A service was slowly eating memory until it got OOM-killed, and the cause was a map used as a cache with entries added but never removed.

A terminal with a bug icon and memory graphs

The graph was the giveaway: a slow, relentless climb in resident memory, perfectly linear, with a sawtooth drop every few days where the OOM killer stepped in and the orchestrator restarted the pod. No spikes, no correlation with traffic bursts, just a steady ramp that always ended the same way. That shape almost always means one thing. Something is being added to a collection and never removed.

The service kept a map keyed by request ID, used to correlate an incoming request with its eventual asynchronous response. You put an entry in when the request arrived, and you pulled it out when the response came back to match them up. Classic, sensible pattern. The bug was that the cleanup only happened on the happy path.

func (h *Handler) onResponse(id string, resp *Response) {
    req, ok := h.pending[id]
    if !ok {
        return
    }
    h.reconcile(req, resp)
    delete(h.pending, id) // only reached if a response arrives
}

When a response arrived, the entry got deleted. When a response never arrived (a timeout, a dropped upstream, a request the other side simply forgot about) the entry sat in the map forever. Most requests got responses, so the map mostly drained, and the leak was slow enough to hide for weeks. But a small fraction of requests never came back, and that small fraction accumulated, one orphaned entry at a time, until the process was carrying millions of dead correlation records and the kernel ran out of patience.

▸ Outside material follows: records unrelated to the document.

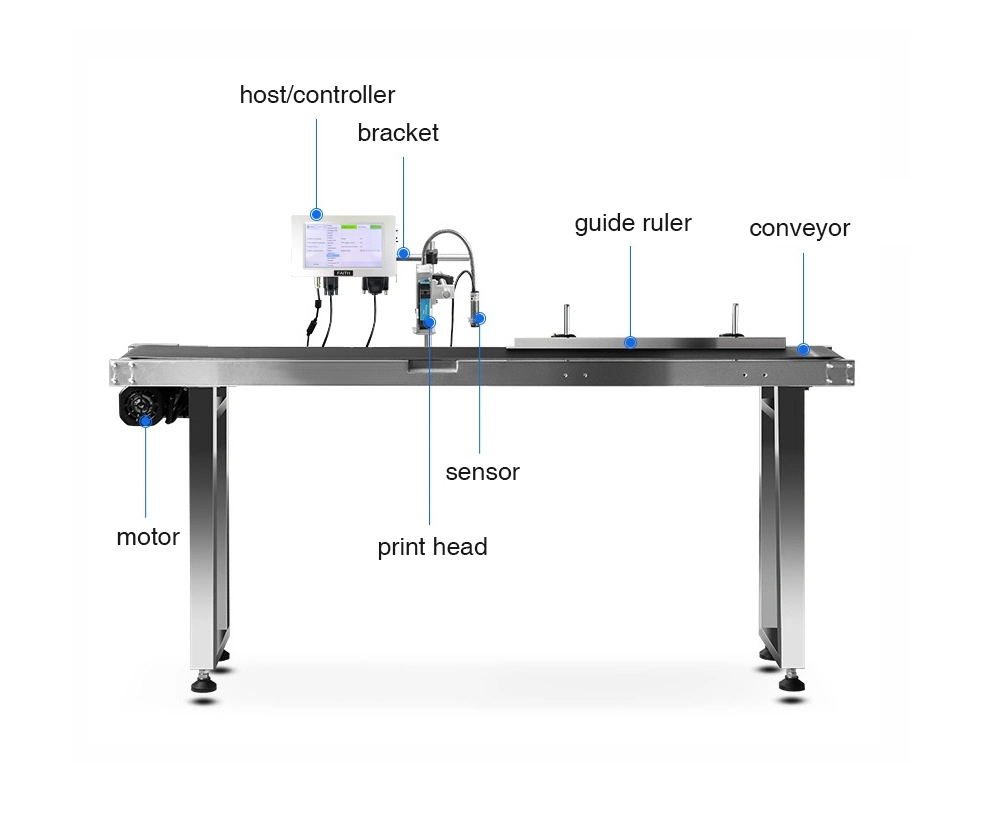 Faith OEM ODM Online Inkjet Printing Machine Digital Label Printer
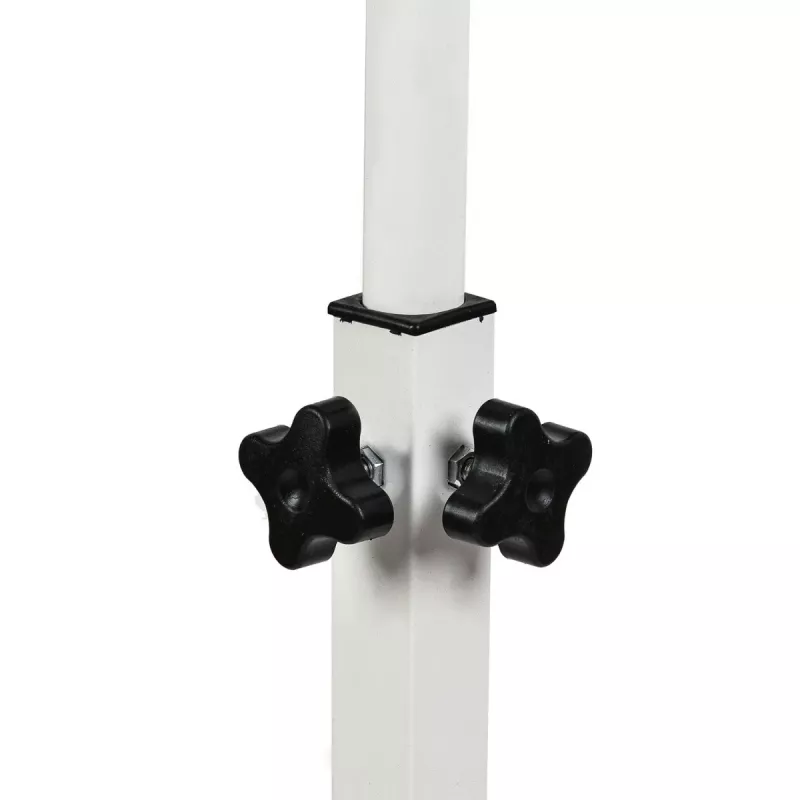 Maclean supporto mobile per scrivania/laptop, bianco, regolazione in altezza 59-89 cm, max 30 kg, MC-121 W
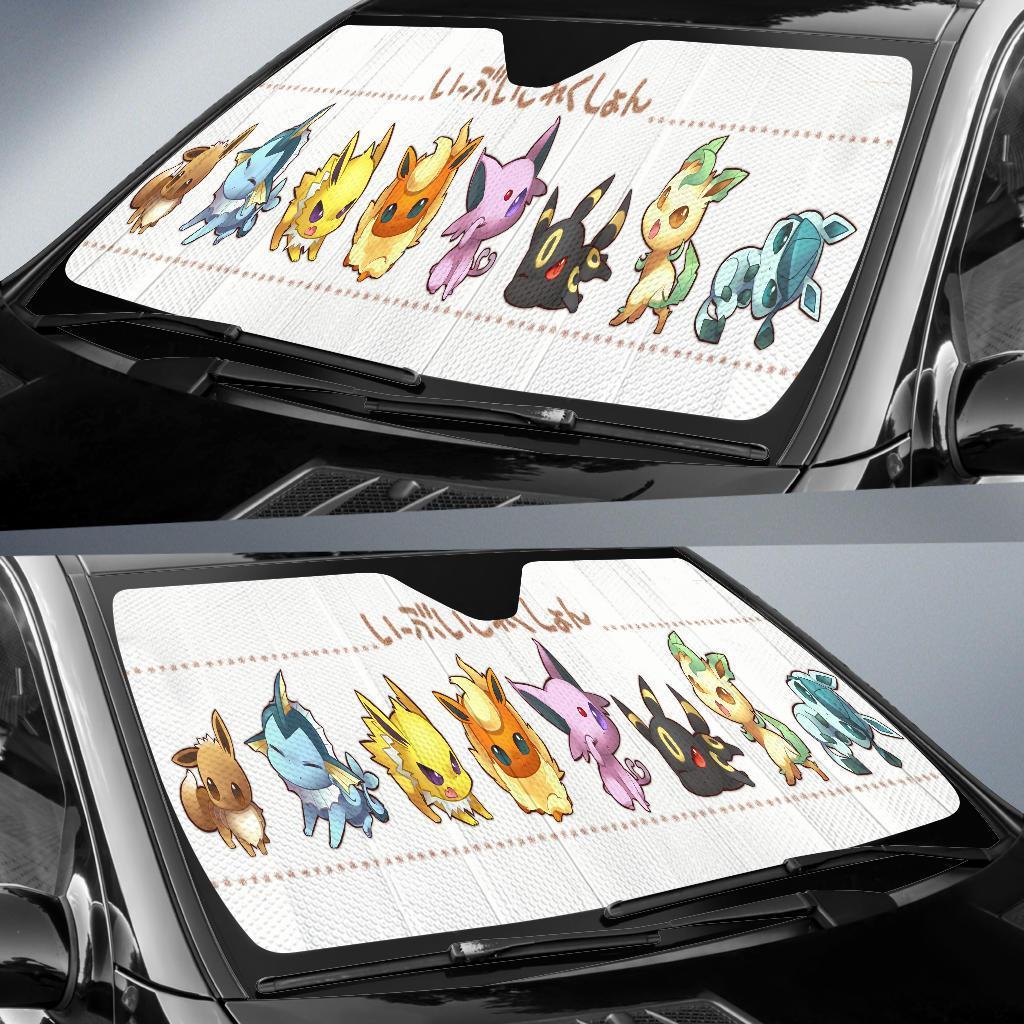 Eveelution Chibi Car Sun Shades Amazing Best Gift Ideas 2021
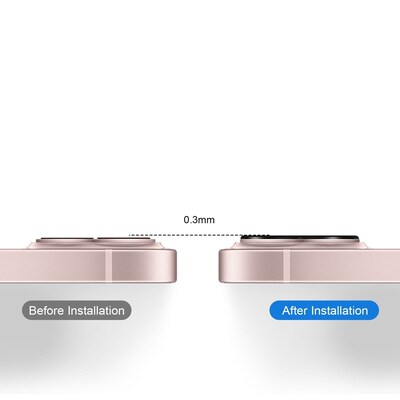 SaharaCase ZeroDamage HD Flexible Glass Camera Lens Protector for Apple iPhone 13 mini, 2/Pack (ZD00040)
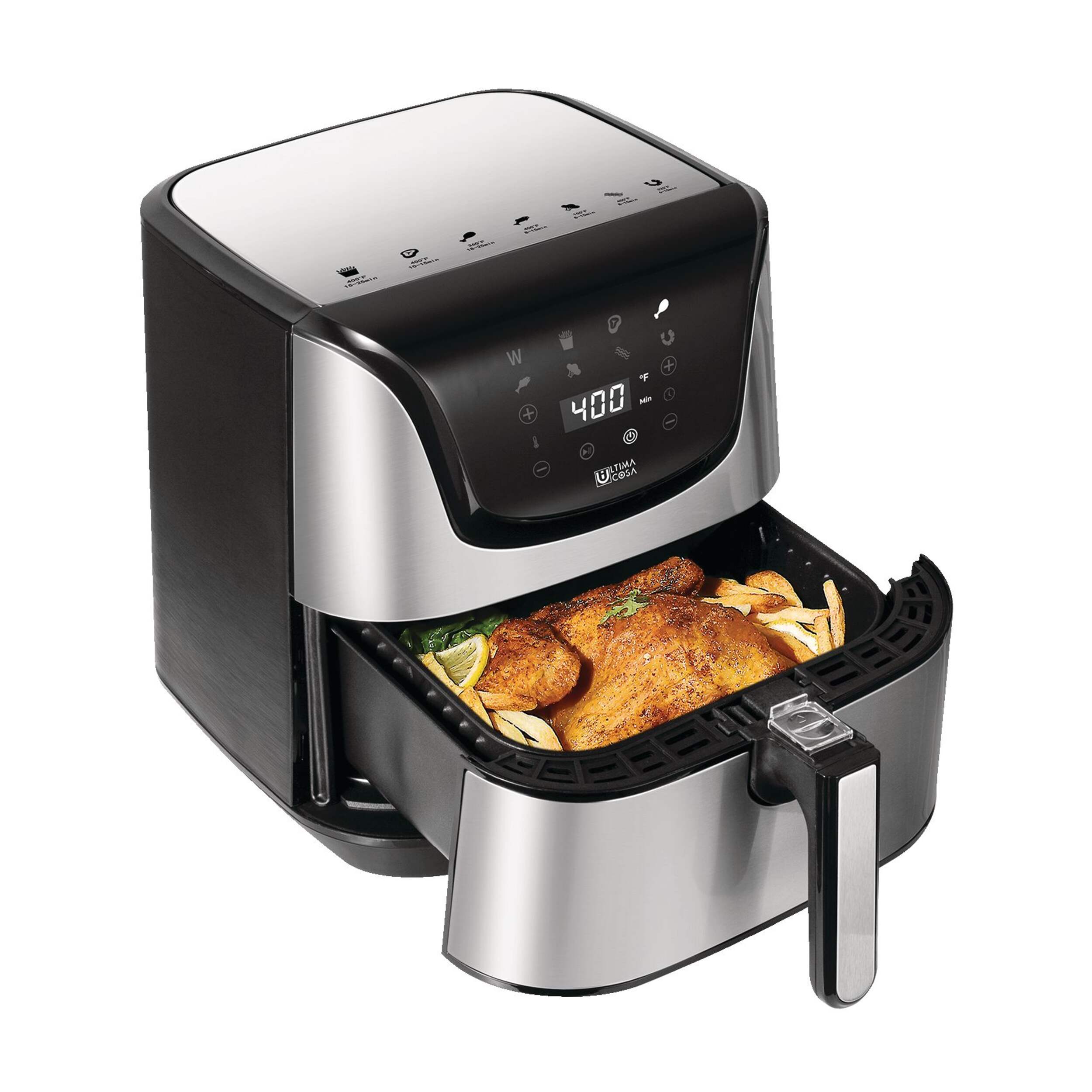 Ultima Cosa Air Fryer, 5-L Front_Three_Fourths_Angled_Left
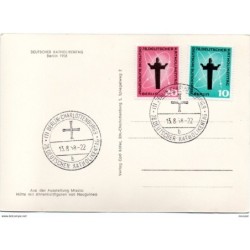 Tarjeta con matasellos commemorativa de 1968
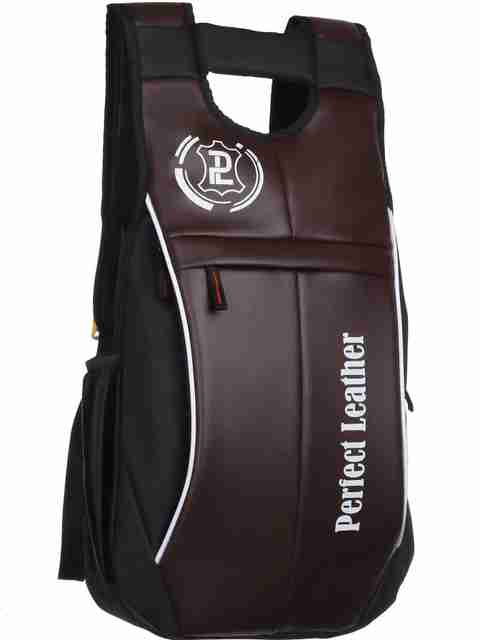 perfect leather Medium 25 L Laptop Backpack Large 25 L unisex Spacy and reflective strip Special price (Multicolor) - Image 5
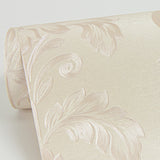 4058-21787 Antonella Rose Gold Scroll Wallpaper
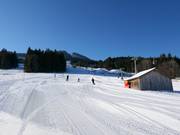 Piste principale et piste éclairée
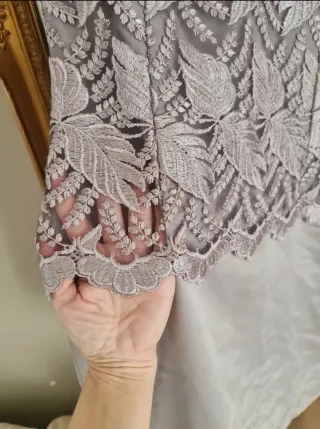 Ribas’ Rosa malva Sin uso (Encaje Guipur) - T.S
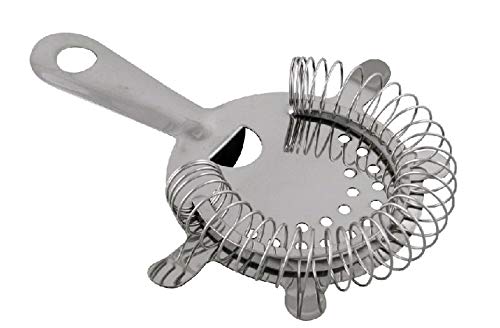 Dynore Stainless Steel Cocktail Strainer with Black PVC Muddler- Set of 2 - Image 3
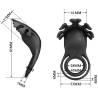 Pretty love - ruben anillo vibrador 7 vibraciones silicona negro - 6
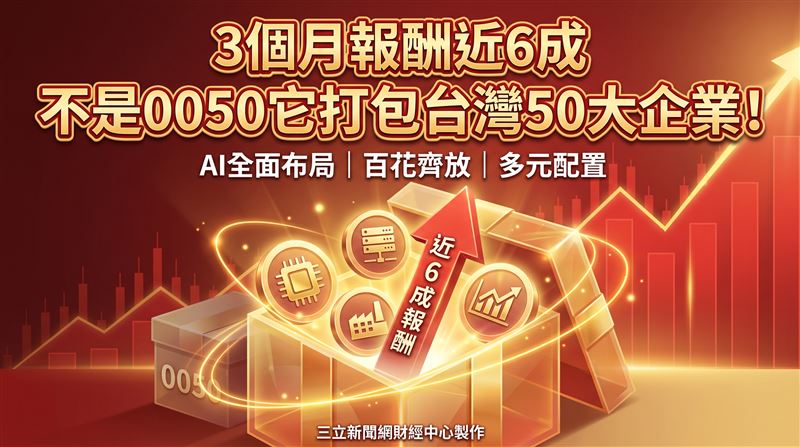聯邦台灣精彩50 ETF（009804）追蹤「臺灣50權重上限30%指數」，完整布局台灣市值前50大企業，並透過單一成分股權重上限30%的設計，降低單一權值股過度集中的情況。（圖／三立新聞網財經中心蕭榕AI製圖）
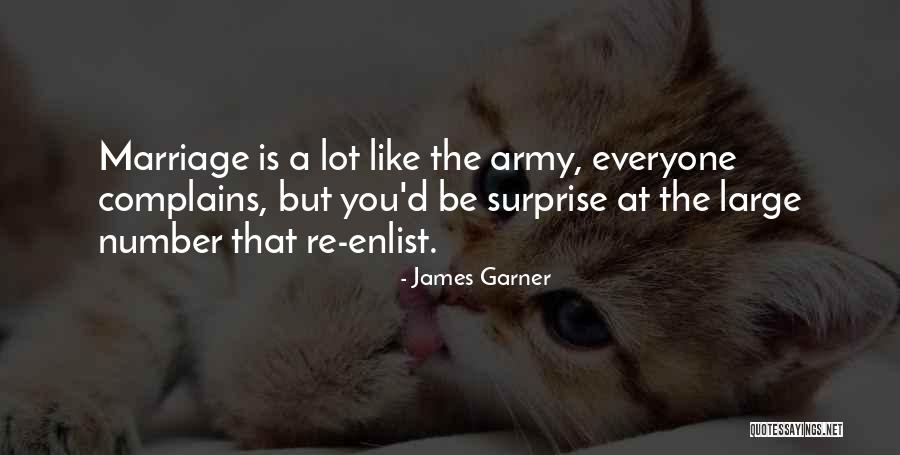 Best Surprise Love Quotes By James Garner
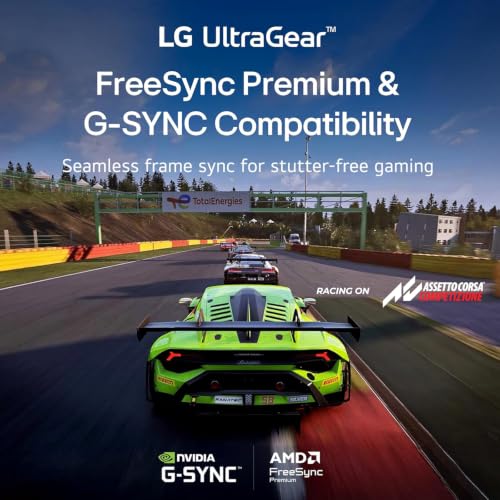 Image of LG 27 inch Ultragear QHD Gaming Monitor, 300Hz, 1ms, NVIDIA G-Sync, AMD FreeSync Premium, VESA DisplayHDR 400, DisplayPort, HDMI 2.1, USB Type-C, Tilt /Height /Swivel /Pivot Adjustment Stand, Black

Source code on screen with a highlighted line

The thing I want to flag is why it was so hard to spot in review. The code was not wrong in the way bad code is wrong. Every line was reasonable. The insert was correct, the delete was correct, the reconcile was correct. The bug was in the absence of a line, not the presence of a bad one, and absences don't show up in a diff. You can stare at a correct-looking insert and a correct-looking delete and never notice that the set of paths reaching the delete is smaller than the set of paths reaching the insert. Nothing is highlighted because nothing is there.

The fix was to give every entry an expiry and sweep the map periodically, so an entry that never gets claimed gets evicted anyway:

type entry struct {
    req     *Request
    addedAt time.Time
}

// background sweep, runs on a ticker
func (h *Handler) reap(maxAge time.Duration) {
    cutoff := time.Now().Add(-maxAge)
    for id, e := range h.pending {
        if e.addedAt.Before(cutoff) {
            delete(h.pending, id)
        }
    }
}

The memory graph went flat and stayed flat. The broader lesson I keep relearning is that any map you treat as a cache needs a removal story that does not depend on the well-behaved path running. If the only thing that deletes an entry is success, then every failure is a permanent tenant, and a process is just a slow accumulation of every request that never quite finished. Bound it by size, bound it by age, bound it by something. An unbounded map keyed by anything that varies is a memory leak wearing a respectable jacket.